A Quasi-Newton least squares method

Directly to the input form: exponential fit

Directly to the input form: user defined case

This method solves nonlinear least squares problems. In abstract terms this means minimizing the euclidean length of a vector function F of m components with respect to the variable vector x with n components where we assume here that m >= n. In applications the situation is similar to many applications of linear least squares: for a set of data (t_i,y_i) one seeks the parameter x of a function model f(x;t) such that the sum of squares of deviations f(x;t_i) -y_i is minimal. The components of F are made up from these deviations (or ''residuals''). Hence
S(x) = (1/2)*||F(x)||₂²
and
F_i(x) = f(x;t_i) - y_i.
The function f(x;t) depends nonlinearly on x here.
This method tries to find a zero of the gradient of S(x) , which of course is only a necessary optimality condition. Since this is achieved by monotonic decrease of S using a decrease depending on the norm of the gradient it is hoped that indeed a minimizer is found. Newton's method itself could also be used for finding a zero of ∇ S(x). This would require the computation of the Hessian matrix of S (matrix of second partial derivatives). This reads, using the Jacobian J_F(x) of the vector function F
∇² S(x) = J_F(x)^TJ_F(x) + ∑_{i=1 to m} F_i(x)* ∇² F_i(x).
Far from the minimizer this could be indefinite and fail to produce a direction of descent for S. This, besides the necessity of computing the second partial derivatives of F and the fact that also saddle points and maxima are attraction points of Newton's method is the reason why this method , which is a modification of the Gauss-Newton method, is preferred.
In the Gauss-Newton method only the always semidefinite part J_F(x)^TJ_F(x) of the Hessian is used. If the residuals are ''large'' then this may considerably deviate from the true Hessian and the convergence can be very slow.

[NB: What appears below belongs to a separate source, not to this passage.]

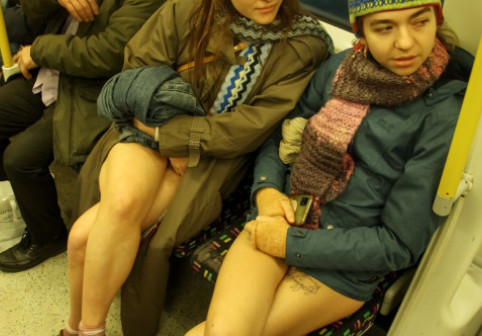 Tradiție londoneză îndrăzneață. Pasagerii metroului au călătorit înfofoliți cu geci groase, dar fără pantaloni, cu lenjeria la vedere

Therefore here one tries to approximate the second part by a quasi-Newton approximation
C ≈ ∑_{i=1 to m} F_i(x)* ∇² F_i(x)
in the hope to obtain ultimately superlinear convergence (for a positive definite true Hessian case). The direction of descent for S is then defined using the so called trust region method: one computes a correction d for the current best point x₀ minimizing the quadratic model for S
S(x₀+d) = S(x₀) + ∇S(x₀)^Td + (1/2)d^T(J^TJ + C)d
subject to the constraint
||d|| ≤ Δ
with adaptation of Δ from step to step. If such a step seems not promising then the method falls back to a Gauss-Newton step.
The initial guess for C usually is zero. In step k, given C_k and the correction d_k one computes the update C_k+1 using the secant equation

C_k+1 d_k = ∑_{i=1 to m} F_i_k ∇² F_i_k d_k

≈ ∑_{i=1 to m}F_i,k(∇F_i,k+1 - ∇F_i,k)

= ( J^T_k+1 - J^T_k)F_k+1

= y_k .

This of course, together with the symmetry, does not fix C_k+1 and one adds the requirement of minimal deviation from C_k in the sense of the Frobenius norm, arriving at the so called PSB (Powell symmetric Broyden) update
C_k+1 = C_k + (r_kv_k^T+ v_kr_k^T)/(d_k^Tv_k) - (d_k^Tr_k)/((d_k^Tv_k)²)v_kv_k^T
with
r_k = y_k - C_kd_k, v_k = ∇S_k+1 - ∇ S_k.
Since experimentation showed that a scaling of C_k would be useful, in the above formula C_k becomes replaced by τ_kC_k with
τ_k = min { 1 , |d_k^Ty_k|/|d_k^TC_kd_k| }
The introduction of the trust region radius results in regularization of the approximate Hessian if the constraint becomes active and the computation of the regularization parameter is reduced to a scalar nonlinear equation like in the Levenberg-Marquardt method
The trust region radius is adapted and the decision whether to use a pure Gauss-Newton or this quasi-Newton step is made dependend on the prospective results of a step with the current radius. We omit these details here.
The order of convergence of this process is superlinear. However, due to cancellation effects in the computation of the quasi-Newton correction and early termination this may not be visible
If one requires an output of intermediate results, one gets a table whose contents needs some explanation:
1. it is the number of the step
2. nf is the number of function evaluations (mostly identical to the number of Jacobian evaluations)
3. f is the sum of squares halved
4. reldf is (S_k+1-S_k)/S_k (zero for zero denominator)
5. preldf is the predicted relative change in S using the quadratic model
6. reldx is max_{i=1 to n} |x_k,i-x_k+1,i|/max_{j=1 to n}( |x_k,j|+|x_k+1,j|)
There are several types of termination:
1. ''Absolute function convergence'' means S_k ≤ 10^-14
2. ''x-convergence'' means reldx ≤ xtol with user input xtol
3. ''relative function convergence'' means reldf ≤ ftol with user input ftol
4. ''singular convergence'' means that none of the three cases above applies but the predicted decrease in S is less than ftol*S
5. ''false convergence'' means that none of these four cases above applies but reldx ≤ 2.2 × 10^-16. This may occur if either the model is not smooth or the precision requirements of the user are too strong.
The numerical code used here is NL2SOL (netlib/toms/573) in a upgraded FORTRAN version.
More details of the implementation are described in the paper
J.E. Dennis, D.M. Gay and R. E.Welsch: An adaptive nonlinear least-squares algorithm. ACM TOMS 7 (1981), 348--368.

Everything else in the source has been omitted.